This.antman wrote:I would tell myself to stop you tubing and googling and just read the manual.
Also, it would be; don't think that because you transposed your bassline in 4 octaves, it's going to sound huge and awesome. Some of my biggest basslines have come from sounds made from just 1 or 2 oscillators and just one octave, or a few oscillators carefully layered together (and a sub). I used to just try to use as many oscillators as possible thinking that would give me a huge sound, when all it really ever gave me was a huge wall of shit that cluttered the mix.

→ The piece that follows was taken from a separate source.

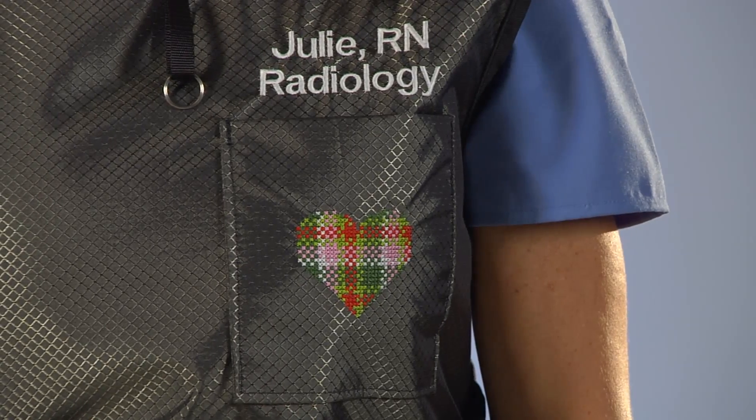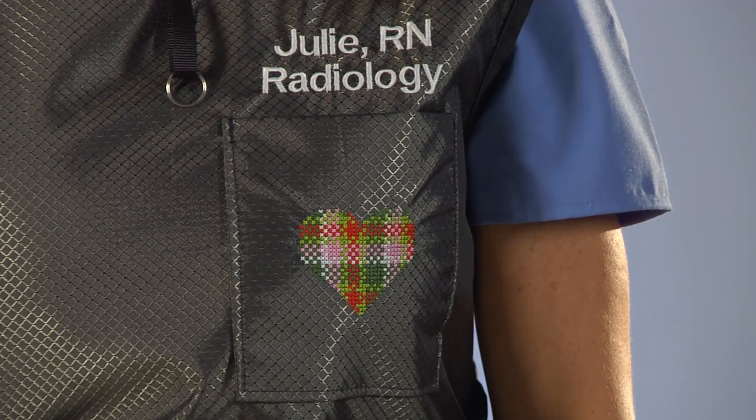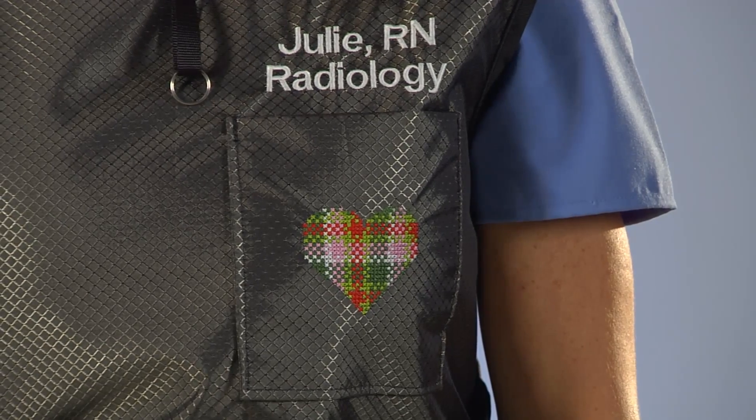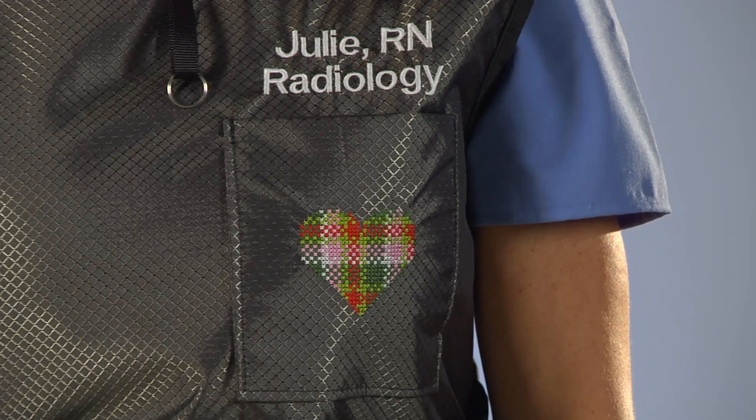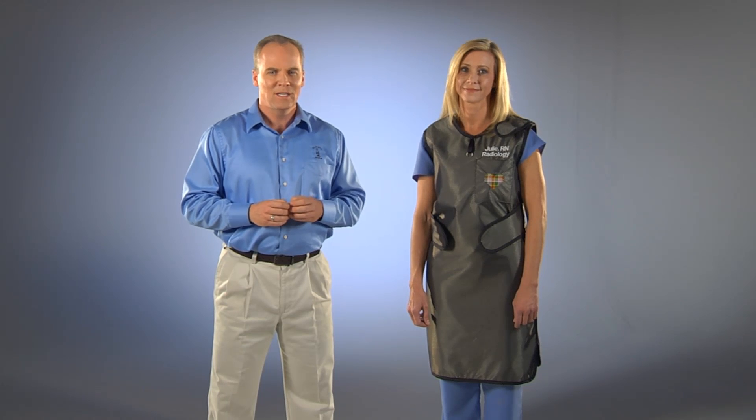The Euro One includes your choice of over 80 fabrics, a chest pocket, embroidered design, and two lines of embroidery text. We can also embroider your own logo for an additional charge. All of our aprons include a thyroid shield tether to attach to one of our thyroid shields. You can also get an additional film badge tether. The Euro One can be custom sized to your measurements to provide the best fit. Please see our measuring video for measuring instructions. All of our aprons are available in gender-specific standard sizes as well.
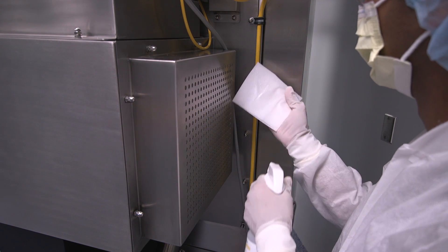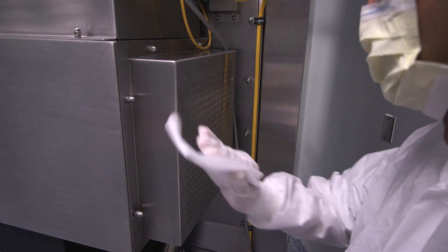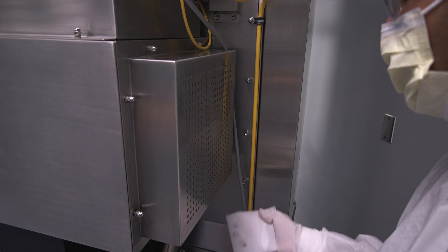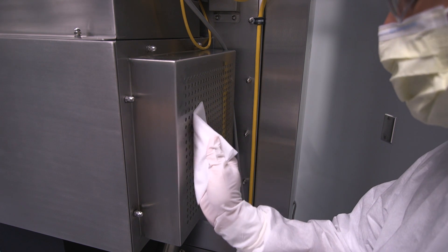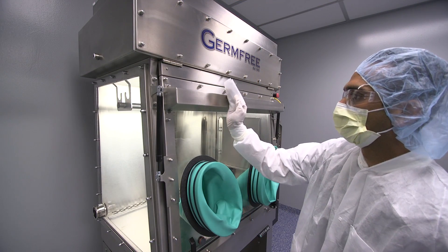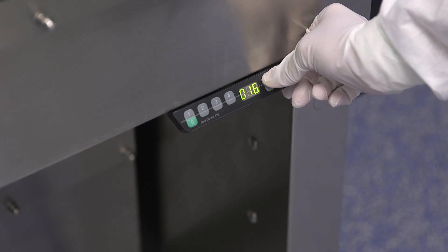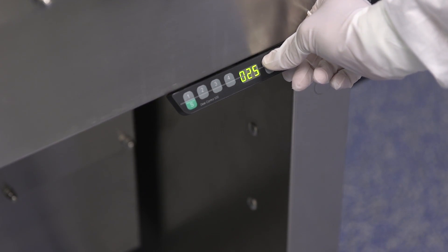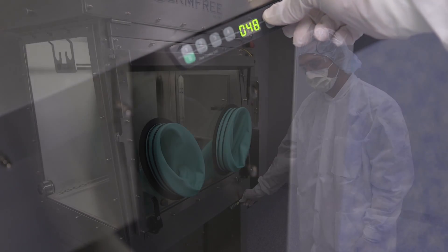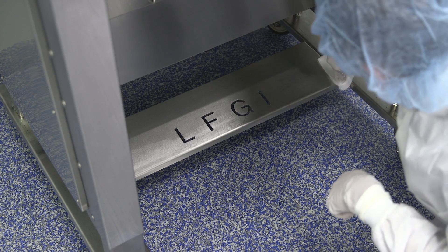Begin cleaning the LFGI by starting at the top of the unit. When cleaning the pre-filter at the top of the unit or any other HEPA filter on the LFGI, do not spray a cleaning liquid directly onto the filter. Saturate a wipe with disinfectant or sterile alcohol, then wipe the pre-filter. Clean each outside surface. The entire cabinet can be raised or lowered with the controls on the right side of the machine. Raise the stand at least three inches to make it easier to reach and clean the caster cross supports.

Also, it would be to learn the basics of EQing, and use it to have things sit proper in the mix, as opposed to getting into a loudness war where you turn the bassline up, and the lead drowns out, so you turn the lead up, then the pad drowns out, etc. etc. Learn to focus as much as possible on the track as a whole. That lead you just made may sound very sick on its own, but if it cludders the mix, what are the most vital frequency ranges that need to come through, and what can you notch out to make headroom for other things?
And the final tidbit, don't frequency split just because you heard that's what the pros do. Obviously experiment, but I fell into the trap of always trying to frequency split my reeses and they just turned out thin sounding and just genuinely god awful because I was just doing it to do it; because I heard it was a good thing. I sometimes frequency split my basslines with good results, but usually for my reeses I just split of the sub and then everything above it. Basically, stay away from the trap of doing something you don't know how to do just because you heard it was good to do. That being said, take some time every now and again to completely negate what I just said and experiment with things you know nothing about (and learn as much as you can about at the same time).